Studio album by 32 Leaves
- Released: September 6, 2005
- Recorded: 2005
- Studio: The Salt Mine (Mesa, Arizona) Mind's Eye Digital (Mesa, Arizona)
- Genre: Hard rock, post-grunge, nu metal
- Length: 41:33
- Label: Double Blind
- Producer: Larry "Love" Elyea, 32 Leaves

32 Leaves chronology
| Fik'Shen (2003) | Welcome to the Fall (2005) | Panoramic (2009) |

= Welcome to the Fall =

Welcome to the Fall is the debut album of Arizona-based hard rock/post-grunge band 32 Leaves, released September 6, 2005. The band recorded and mixed it with Larry "Love" Elyea of Bionic Jive fame, at The Salt Mine and Mind's Eye Digital.

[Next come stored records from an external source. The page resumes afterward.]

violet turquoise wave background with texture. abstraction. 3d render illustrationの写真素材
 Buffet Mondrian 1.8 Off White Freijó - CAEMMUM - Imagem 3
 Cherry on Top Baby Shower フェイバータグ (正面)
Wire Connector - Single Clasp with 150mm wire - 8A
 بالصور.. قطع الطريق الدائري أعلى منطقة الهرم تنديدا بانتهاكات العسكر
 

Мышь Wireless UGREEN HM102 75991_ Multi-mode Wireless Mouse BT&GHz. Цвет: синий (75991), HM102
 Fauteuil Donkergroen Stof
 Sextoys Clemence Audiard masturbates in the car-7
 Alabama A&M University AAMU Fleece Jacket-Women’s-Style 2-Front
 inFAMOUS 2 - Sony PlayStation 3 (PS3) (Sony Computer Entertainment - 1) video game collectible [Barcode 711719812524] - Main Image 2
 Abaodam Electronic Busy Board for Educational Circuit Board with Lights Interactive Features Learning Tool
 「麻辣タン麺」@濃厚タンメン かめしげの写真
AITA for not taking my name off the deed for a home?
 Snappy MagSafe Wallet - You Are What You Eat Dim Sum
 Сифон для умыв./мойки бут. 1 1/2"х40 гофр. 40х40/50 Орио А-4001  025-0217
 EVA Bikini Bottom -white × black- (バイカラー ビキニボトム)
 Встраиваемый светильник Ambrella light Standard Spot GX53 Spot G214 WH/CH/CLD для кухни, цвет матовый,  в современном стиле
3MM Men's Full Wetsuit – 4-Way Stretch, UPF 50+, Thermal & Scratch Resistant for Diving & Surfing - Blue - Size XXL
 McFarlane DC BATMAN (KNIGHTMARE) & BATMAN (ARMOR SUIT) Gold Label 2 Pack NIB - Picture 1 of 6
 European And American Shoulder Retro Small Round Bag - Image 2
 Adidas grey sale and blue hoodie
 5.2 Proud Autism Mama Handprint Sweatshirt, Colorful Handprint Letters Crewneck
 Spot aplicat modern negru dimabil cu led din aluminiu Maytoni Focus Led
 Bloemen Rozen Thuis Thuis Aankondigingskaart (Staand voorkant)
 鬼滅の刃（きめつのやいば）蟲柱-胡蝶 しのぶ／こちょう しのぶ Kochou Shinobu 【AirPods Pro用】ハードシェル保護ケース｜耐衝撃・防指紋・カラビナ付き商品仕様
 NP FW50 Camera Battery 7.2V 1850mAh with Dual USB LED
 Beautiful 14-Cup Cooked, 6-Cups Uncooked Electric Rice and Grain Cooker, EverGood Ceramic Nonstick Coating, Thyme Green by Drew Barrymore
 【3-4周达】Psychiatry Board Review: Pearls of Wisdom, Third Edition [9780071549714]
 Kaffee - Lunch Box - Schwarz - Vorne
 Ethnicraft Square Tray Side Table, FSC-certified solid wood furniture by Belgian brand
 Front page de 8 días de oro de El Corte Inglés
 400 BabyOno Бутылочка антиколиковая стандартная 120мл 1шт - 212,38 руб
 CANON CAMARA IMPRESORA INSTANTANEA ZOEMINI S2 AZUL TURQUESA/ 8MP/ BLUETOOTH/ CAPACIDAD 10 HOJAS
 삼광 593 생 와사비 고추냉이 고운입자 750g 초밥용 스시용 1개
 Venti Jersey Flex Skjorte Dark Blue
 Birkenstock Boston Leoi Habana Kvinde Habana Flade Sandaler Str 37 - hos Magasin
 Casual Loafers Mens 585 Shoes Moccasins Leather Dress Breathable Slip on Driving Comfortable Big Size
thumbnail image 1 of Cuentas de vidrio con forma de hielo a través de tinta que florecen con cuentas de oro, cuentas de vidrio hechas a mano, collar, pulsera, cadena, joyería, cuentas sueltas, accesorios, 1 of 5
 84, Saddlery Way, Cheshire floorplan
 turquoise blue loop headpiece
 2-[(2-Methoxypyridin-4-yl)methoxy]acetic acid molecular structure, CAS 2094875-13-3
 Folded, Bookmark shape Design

Welcome to the Fall was not widely promoted and never charted.

Professional ratings
Review scores
| Source | Rating |
| AbsolutePunk | (73%) |
| Decoy Music |  |
| Splendid | (mixed) |

==Touring and promotion==
During 2006 and 2007, 32 Leaves supported the album on tour and shared stages with such acts as 10 Years, Crossfade, Dredg, Evans Blue, Fair To Midland, Smile Empty Soul, and Trapt.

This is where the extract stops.